От вахты к тюремному зданию вела хорошо утоптанная дорога: много ног прошло по ней. Через весь тюремный корпус шел длинный узкий коридор с железными дверьми камер; коридор этот разделен на секции поперечными решетками: в случае восстания и захвата тюрьмы заключенными эти секции задвигались и люди, вырвавшись в коридор, все равно оставались в клетках.

Еще один обыск — внутренний надзор не доверяет внешней вахте — и нас развели по камерам, отобрав «пока» все вещи.

Войдя в камеру, мы удивились тому, что окно было нормальным, комнатным и большим, по сравнению с величиной камеры: она была 2,5 х 2,5 метра. Это пространство было занято нарами. Лишь у дверей оставалось 50 см прохода, где стояла тумбочка и извечная «параша».

Нам выдали истрепанные матрацы, рваные одеяла, и мы обосновались. Обмен мнениями привел к общему выводу: по сравнению с «Гитлером», мы попали в санаторий. Во-первых, здание тюрьмы не железобетонное, а кирпичное; во-вторых, нары сплошные деревянные, полы не из бетона, а из асфальта; в камере тепло — печка нагрета; окно — большое; за окном забор и рядом лес, а значит — воздух. «Жить можно, — резюмировали мы. — У «Гитлера» не подохли и с ума не посходили, — здесь тоже выживем!»

*

На следующий день при утреннем обходе тюрьмы пришел наш начальник — майор Ликин. Этот человек среднего роста с равнодушным лицом отдавал приказания элите надзирателей, не обращая внимания на нас:

— Исправьте «глазок» — можно видеть из камеры; решетка шатается — закрепить.

Оглядев нас, прибавил:

— Постричь их — волосы отросли.

На груди у него была колодка военных наград, я поглядел на нее и не выдержал:

— Мне стыдно, майор, что когда-то я носил такую же, как вы, медаль «За штурм Кенигсберга»!

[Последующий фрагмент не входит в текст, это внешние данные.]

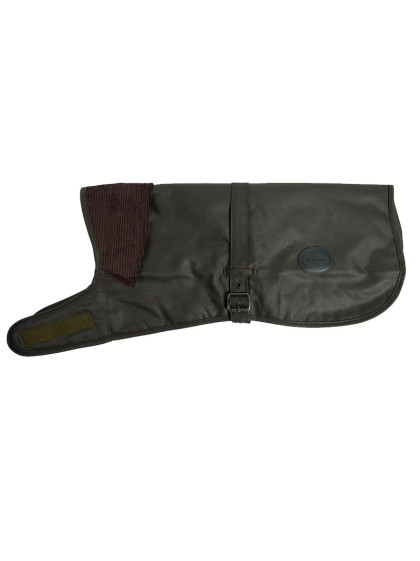 Manteau pour chien Wax Dog coat Barbour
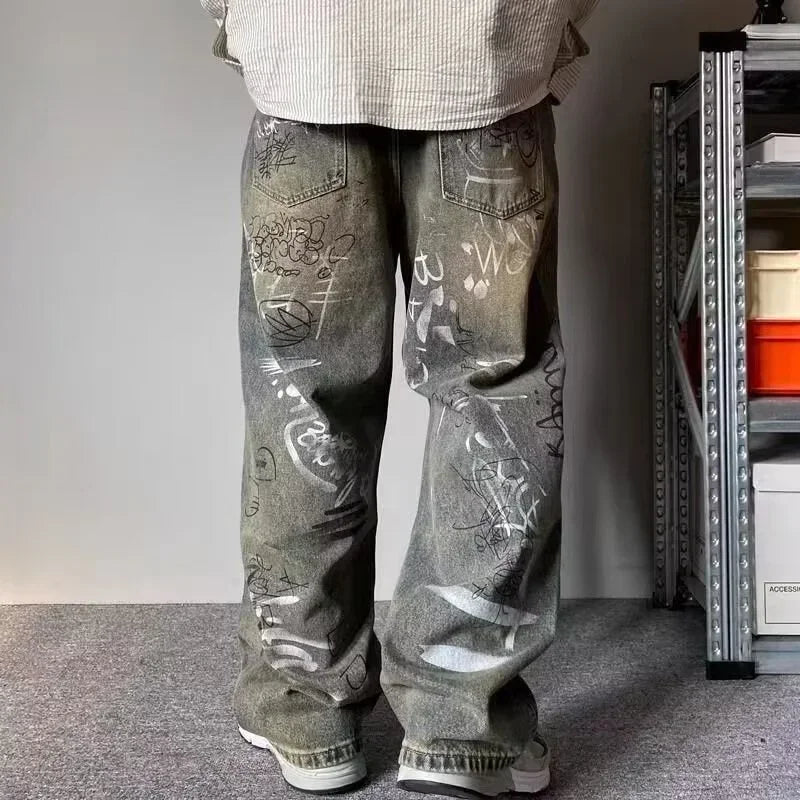 Balenciaga Baggy Pants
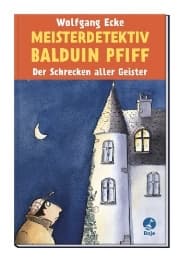 Cover von Der Schrecken aller Geister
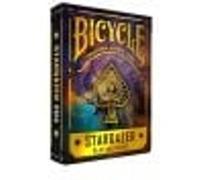 Bicycle Stargazer 204 Playing Cards - Hubble Space Telescope Inspired Deck | Cosmic Design with Gold Foil Tuck | Magic, Cardistry & Collecting | Ages 6+
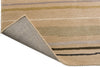 Brink and Campman Decor Shift Mineral Sand Area Rug Fold Image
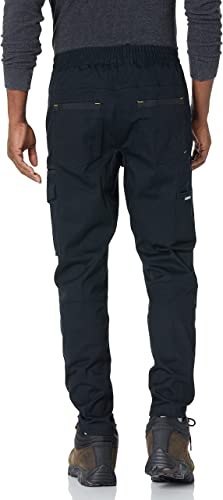 FT MEN'S DEFENDER PANT 36/32 (Black)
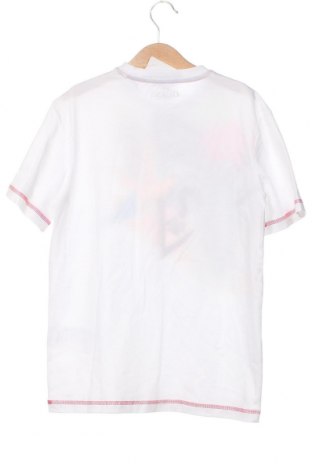 Kinder T-Shirt Guess, Größe 7-8y/ 128-134 cm, Farbe Weiß, Preis 20,15 €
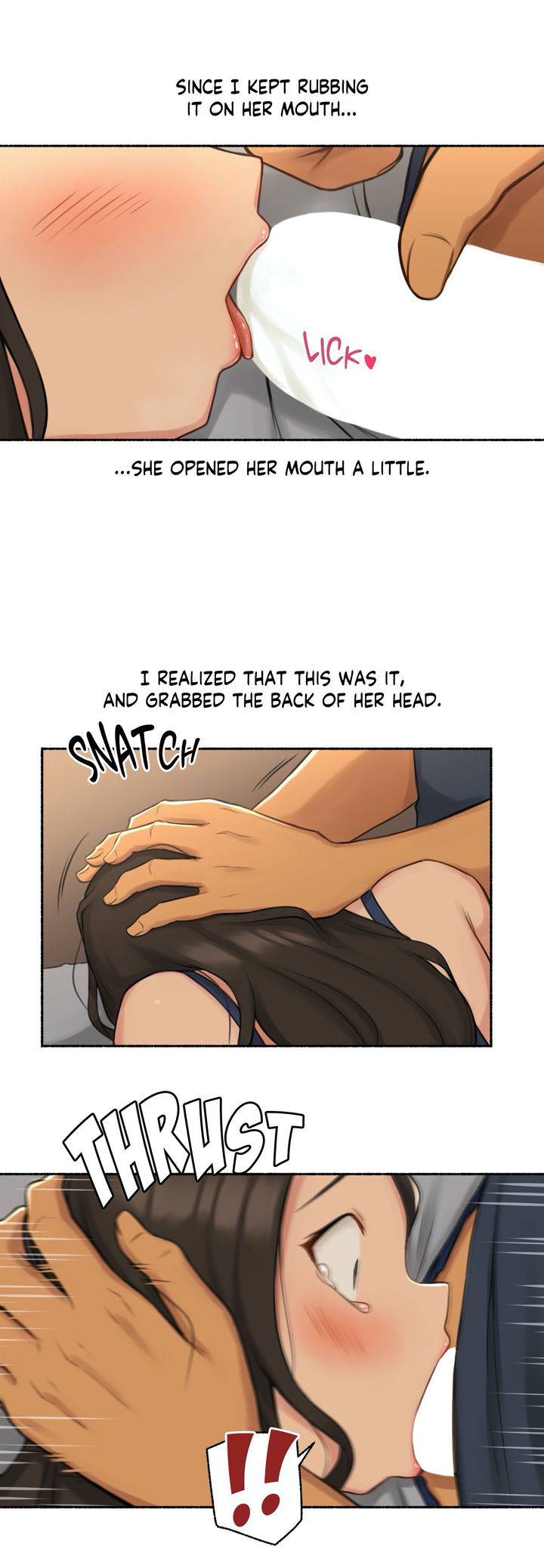 Sexual Exploits Chapter 30 - Manhwa18.com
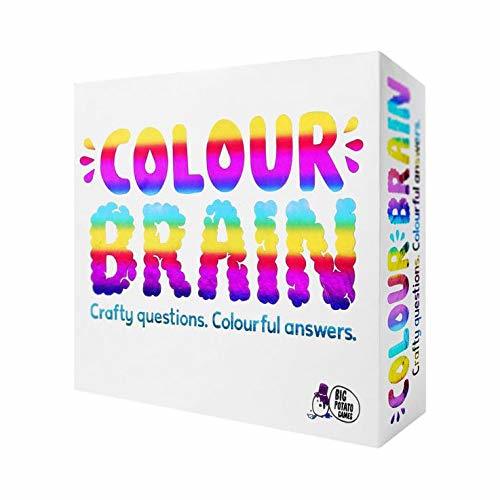 Products Mercurio Colour Brain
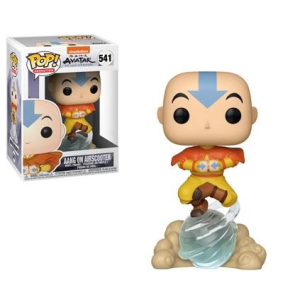 Avatar: The Last Airbender Aang on Air Scooter Funko Pop! Vinyl Figure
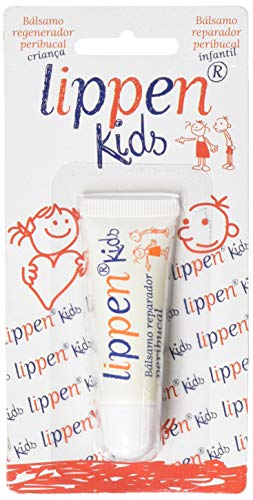Lippen Kids Balsamo Reparador Infantil Tubo 10 ml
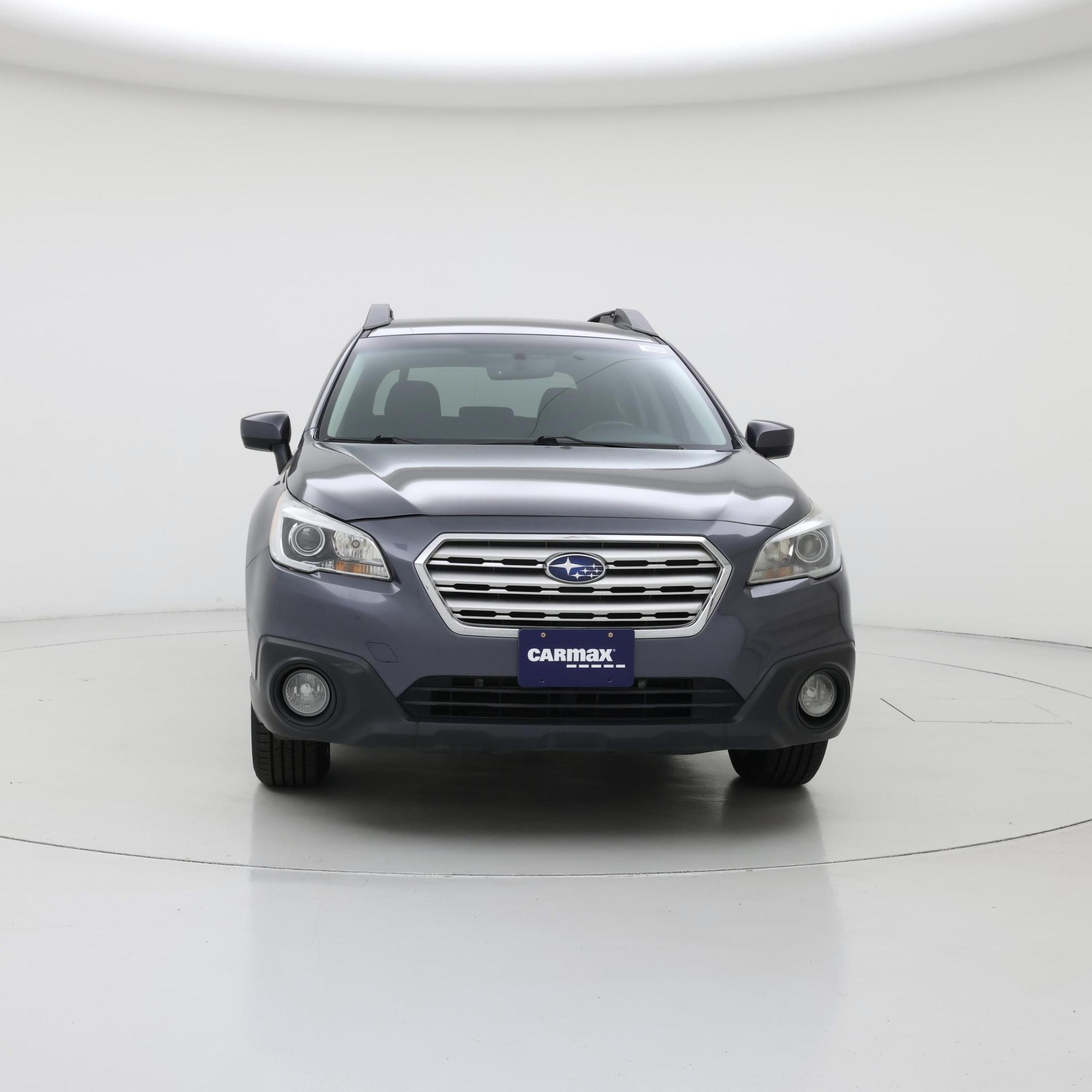 Thumbnail: 2017 Subaru Outback - 5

На меня смотрели внимательные глаза, смотрели без злобы.

— Ваша фамилия?

Я ответил. И Ликин с надзирателями ушел.

— Ну, вот, получил для начала пятерик, — сказал кто-то из ребят, — и охота была связываться!

Я уже тоже внутренне ругал себя за несдержанность, но сделанного не вернешь. Однако события повернулись неожиданно. На следующее утро майор Ликин на обходе просто сказал:

— Посмотрел ваше личное дело. Действительно, мы были вместе с вами под Кенигсбергом. Но вы зря меня ругаете, я на работе, меня сюда направили из армии.

Между нами завязался разговор, в который вступила вся камера. Ликин расспрашивал нас о Сибири. Мы задавали вопросы о наших правах здесь. Узнали, что тюрьма работает: во второй, рабочей, половине зоны есть кирпичный завод с глиняным карьером.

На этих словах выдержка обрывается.